Following up 2015’s trenchant Leviathan — a film that angrily dissected the bureaucracy of simply fighting for one’s property — Zvyagintsev drops Loveless. Essentially about the loss of a loved one and the incrementally studious search for him, it’s also a film about the real casualties of a, well, loveless marriage. And in the hands of Zvyagintsev, Loveless becomes just as trenchant an observation about both of these events as any we’ve seen before.

Opening on Zhenya (Maryana Spivak) and the endless connection between her eyes and her cell phone, she hounds her young son Alyosha (Matvey Novikof) about the presentation of his room before prospective buyers of their condo apartment show up. In between her basic indifference to Alyosha, the only other spark of emotion shown to anyone besides her new lover is the fighting (both verbally and in person) she involves herself in with soon-to-be ex-husband Boris (Aleksey Rozin).

Zhenya and Boris’ base disillusionment with each other is well-worn tread, obviously, as each has already discovered some happiness in new relationships. In Boris’ case, he’s already impregnated his much younger girlfriend Masha (Marina Vasileva), while Zhenya falls for much older Anton (Andris Keiss). Perhaps their happiness won’t be temporary this time. The warmth and domestication exemplified in snippets with these new partners suggest some permanence.

And, for the first 45 minutes or so, Loveless reveals itself to be a caustic exploration about Boris and Zhenya’s attempts to move on and be happy, despite the emotional scars clearly being delivered upon young Alyosha during their turbulent arguments.

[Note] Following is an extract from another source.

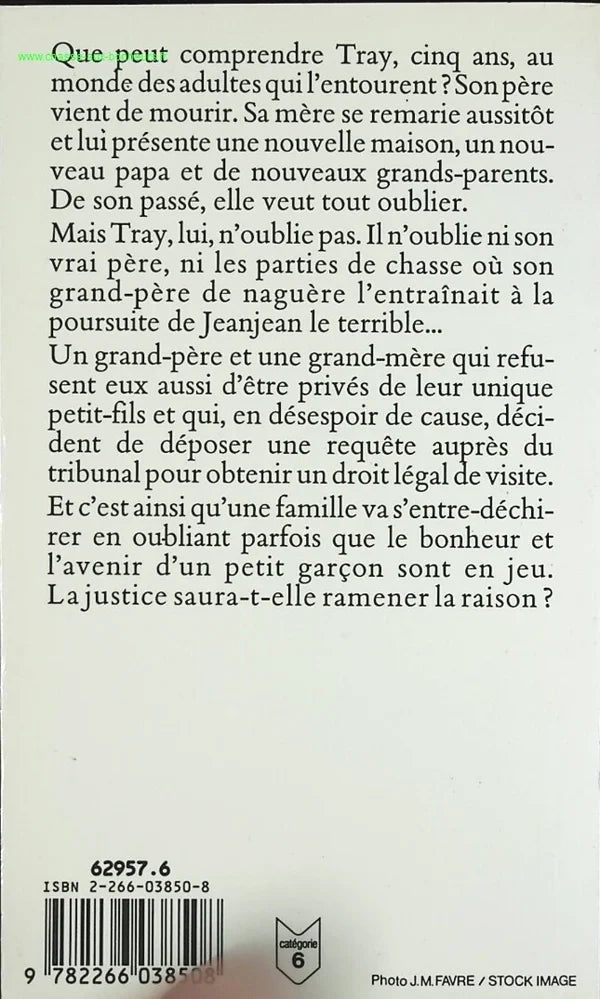 The Twilight Child - Warren Adler - book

But then, suddenly, Loveless shifts into another gear and becomes something more sinister, more haunting. The shades of divorce, newfound satisfying sex and the possibility of a new family for Boris rupture into a procedural thriller, complete with search parties, bluntly honest cops and television sets in the background constantly humming about the war in the Ukraine or apocalyptic cult groups. Like I said, there’s always something going on, even when there’s not.

Coming into the critical spotlight after only the last decade or so, with his films scoring high prizes at both the Cannes and Venice film festivals, Zvyagintsev’s catalog of films are icy representations of modern Russia, both in subjugated themes and locale. However, I get the feeling that even if he placed his films in the dead of summer, one could still feel the rotten chill wafting off them.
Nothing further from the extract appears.